De hele auto is naar moderne maatstaven piepklein, maar Lambo vond toch ruimte voor twee mensen – nét – en aardig wat bagage achterin. Dit exemplaar werd aangeschaft door een aannemer uit het Britse Bolton, ene D. Horrocks, die er omgerekend zo’n 45.000 euro voor betaalde en hem dagelijks gebruikte. Ons werd gevraagd om deze LP400 te verzekeren voor 1,4 miljoen euro. De Countach had gelanceerd moeten worden met brede Pirelli’s met een ultralaag profiel, maar die waren niet op tijd klaar voor de eerste circa 160 auto’s (waarvan slechts 22 met het stuur rechts, zoals deze). Daarom staat hij op ielige 14-inch wielen met zelfs achteraan slechts 215 millimeter brede Michelins.
Je vouwt en scharniert jezelf naar binnen, eindigt met je knieën naast het laaggeplaatste stuur en begint een goed gesprek met de motor. Hij kucht en sputtert als ie koud is – twaalf individuele gaskleppen proberen zich op elkaar af te stemmen. Maar als ie gaat, dan zul je het weten. Het is een boeiend mechanisch samenspel, met tikkende nokkenassen, zoemende draaiende delen en zuigende carburateurs. Nog meer dan de uitlaten domineren die zaken het geluid. Hij is bereid om ver voorbij 8.000 tpm te gillen. Sterker, dat wil hij.
Lamborghini Sián vs Countach: de sprintjes
De Countach gaat van 0 naar 100 in ongeveer 5,5 seconden. Niet zo achterlijk snel als de Sián, maar hard genoeg om aan te tonen dat de kleine remmetjes niet echt op hun taak berekend zijn. Maar kom je met de juiste snelheid bij een bocht aan, dan is alles een heerlijkheid. De banden sluiten aan bij het vermogen. Ze geven een beetje mee, net als de ophanging, maar de grip wordt slechts geleidelijk aan verloren, bij snelheden die je aankunt. Hij is goed in balans, misschien in eerste instantie iets onderstuurd, misschien licht neigend naar overstuur als je het gas loslaat en er weer op gooit. Prachtig communicatief en grotendeels goedaardig.

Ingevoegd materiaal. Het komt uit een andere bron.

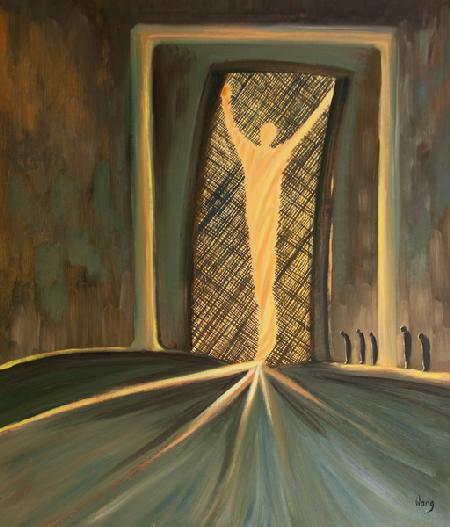 The Sacrifice of Jesus has made a living opening through the curtain to the Holy of Holies, to the l 2000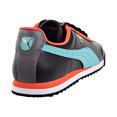 thumbnail image 3 of Puma Roma Basic Plus Men's Shoes Puma Black/Blue Turquoise 369571-04, 3 of 6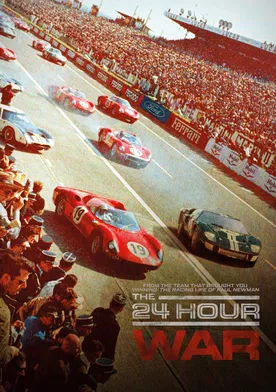 Poster de The 24 Hour War
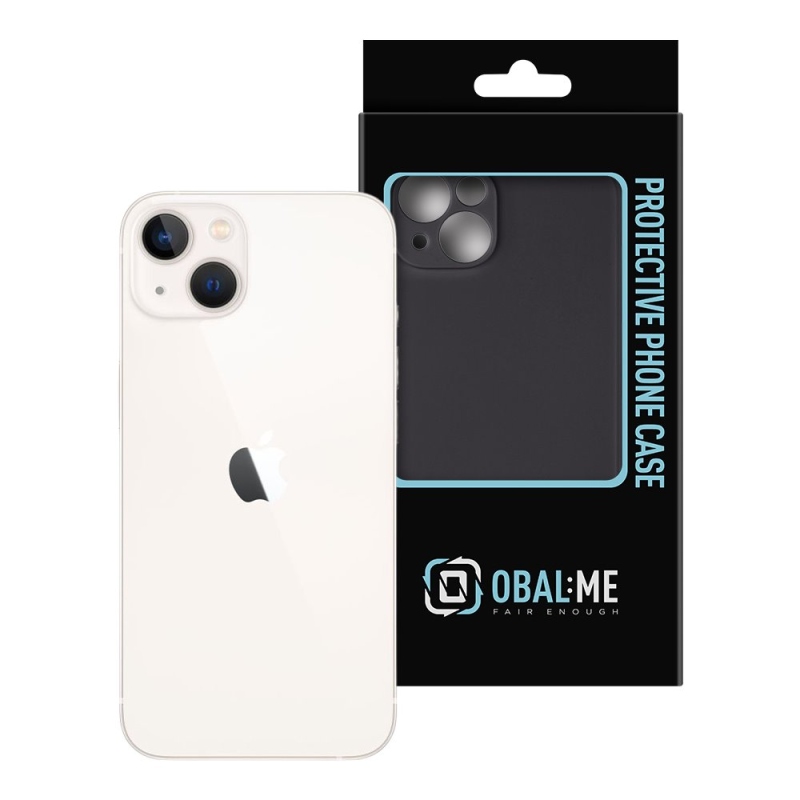 OBAL:ME Matte TPU Kryt pro Apple iPhone 13 Black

Je kunt de lijn naar de Sián goed volgen. De moderne motor klinkt als de vleesgeworden V12-fantasie als je buiten de auto staat, maar ook hier is het geluid vanbinnen vol van drama, zij het meer mechanisch; niet zozeer organisch of harmonisch. Het bochtengedrag van de Sián heeft een veel scherpere focus dankzij z’n stijve basis en haast net zo stijve vering. De ophanging is afzien, maar het gevoel in het stuur is prachtig. Elke reactie die je bereikt, is uitvergroot.
Opvallen
En het ontwerp? Wat betreft de fundamentele vorm sloeg de Countach de spijker op z’n kop. Van zoiets kun je niet afwijken. Het silhouet van de Sián is een knikje naar z’n voorvader, net als de vorm van de achterste wielopening, de dubbel golvende lijn die over de wielkasten leidt, en als je door je wimpers kijkt ook de achterlichten. En de deuren, natuurlijk. Maar waar de Countach een puur design had, in deze vroege LP400-uitvoering tenminste, is er bij de Sián zoveel meer aan de hand. Meer vleugels, openingen, uitstulpingen, hobbels en vinnen. Op een groot deel van z’n oppervlak heeft ie een ‘dubbele huid’, met lucht die tussen de delen door voert. Overal zijn hoeken en puntvormen.
Bedenk dat de Countach kon doen wat hij wilde omdat er toen nauwelijks supercars bestonden. Nu Lamborghini’s werkgebied is gevuld met vele rivalen, moet het merk harder zijn best doen om op te vallen. Dat zorgt ervoor dat de Sián er schreeuwerig uitziet, inderdaad. Maar vanbinnen is ie echt en oprecht.